Future Round Table: Young Professionals’ Panel
Thursday, 8th February 2018Last week, Brewin Dolphin, one of the UK’s leading wealth managers, hosted pro-manchester’s third Young Professionals’ Round Table session, the focus being on coaching and managing people in the workplace.
Attendees from a wide variety of businesses discussed employee relationships and managing strategies. Lawyers, financiers and business professionals shared anecdotes, examples and perspectives. One of the main topics to emerge was the difficulty in striking a balance between being a friendly and approachable team member, but also an authority figure. Is it possible to be both?
Representatives who had previously struggled with this emphasised the importance of maintaining a boundary between the two. Supporting employees with issues in their personal lives, whilst at work, can be tricky. Most agreed on the importance of taking initial steps to empathise as an individual before the supervisory persona steps forward. The consensus was that managers must be able to deliver advice, with instruction, constructively and with guidance, especially if a task has not been performed satisfactorily.

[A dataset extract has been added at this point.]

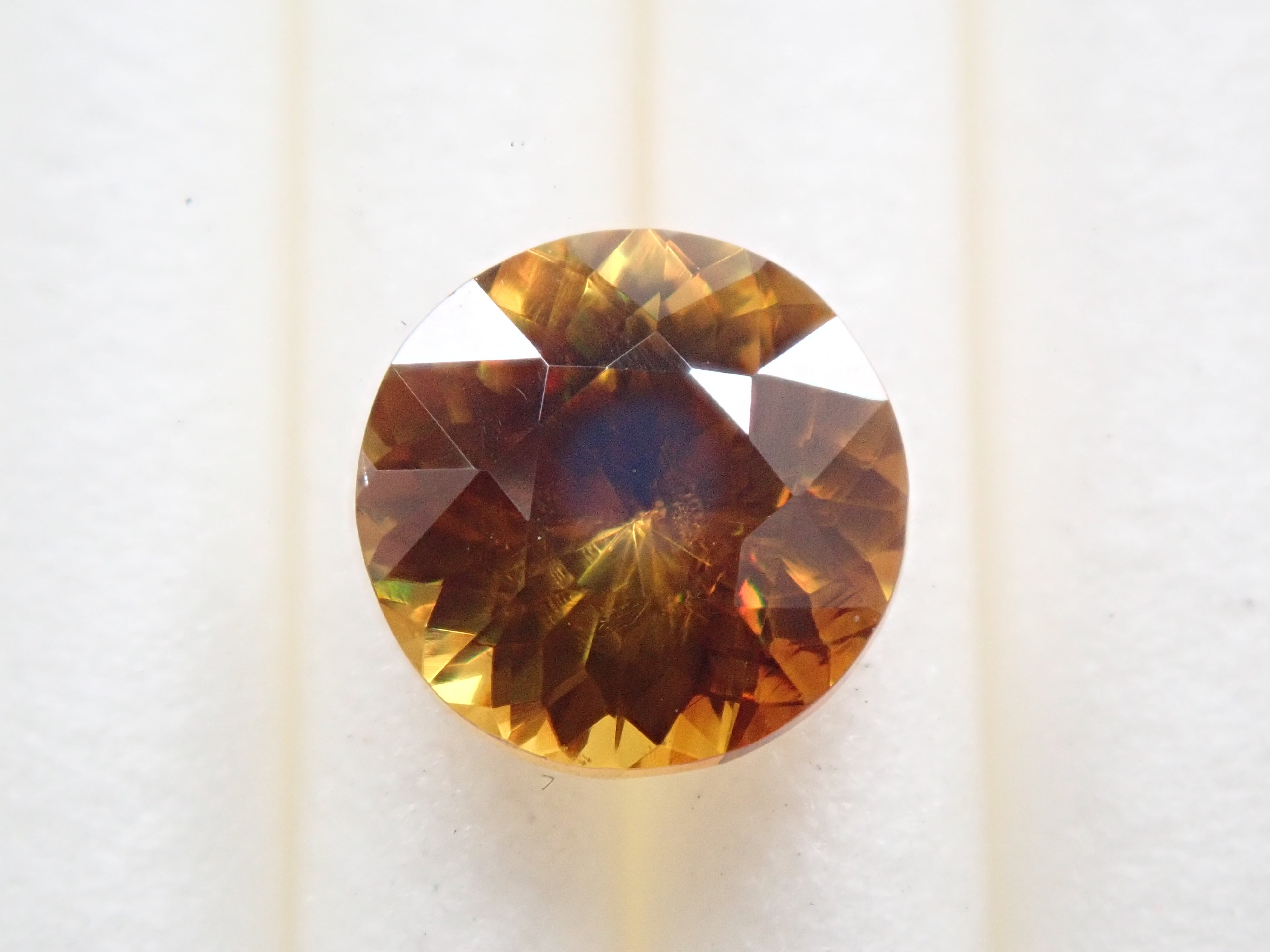 マダガスカル産ゴールデンスフェーン 6.5mm/1.183ctルース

The group discussed how to manage a variety of different personalities, using caution over when to establish authority. Some representatives shared their experiences of managing individuals who found it difficult to accept criticism. The group debated solutions to this with delegates finding that unsurprisingly, communication is the key. This included asking their staff what level of support and guidance they needed and respecting how some preferred to be managed in different ways. This then opened up the topic of remote working in the digital age and how progress monitoring systems are on the rise. A few spoke about the systems that have been implemented by their companies and the difficulties of maintaining consistency in performance. Other responses from the Round Table members included employees being harder to manage when remote-working as there is a lack of structure and set working hours, often resulting in less work being done, underperformance and therefore gaps in progress on visual systems. This also posed the question of whether the transparency of these systems (entire teams being able to see progress of other colleagues) is a problem.
The group agreed that it is important to address the behavior of underperforming employees close to the event and with face to face interaction, and that employees should first have to prove themselves in order to be trusted with remote working. There was strong emphasis on the importance of setting a precedent of allowing conscientious, self-motivated people to work from home.
Overall, the Round Table group agreed that managers should act as mentors for their teams and help with career progression as best they can.
The unanimous view was that in-work incentives or events organized out of working hours are always invaluable to building and maintaining strong working relationships and good team morale.
So…give a little, and they’ll give back!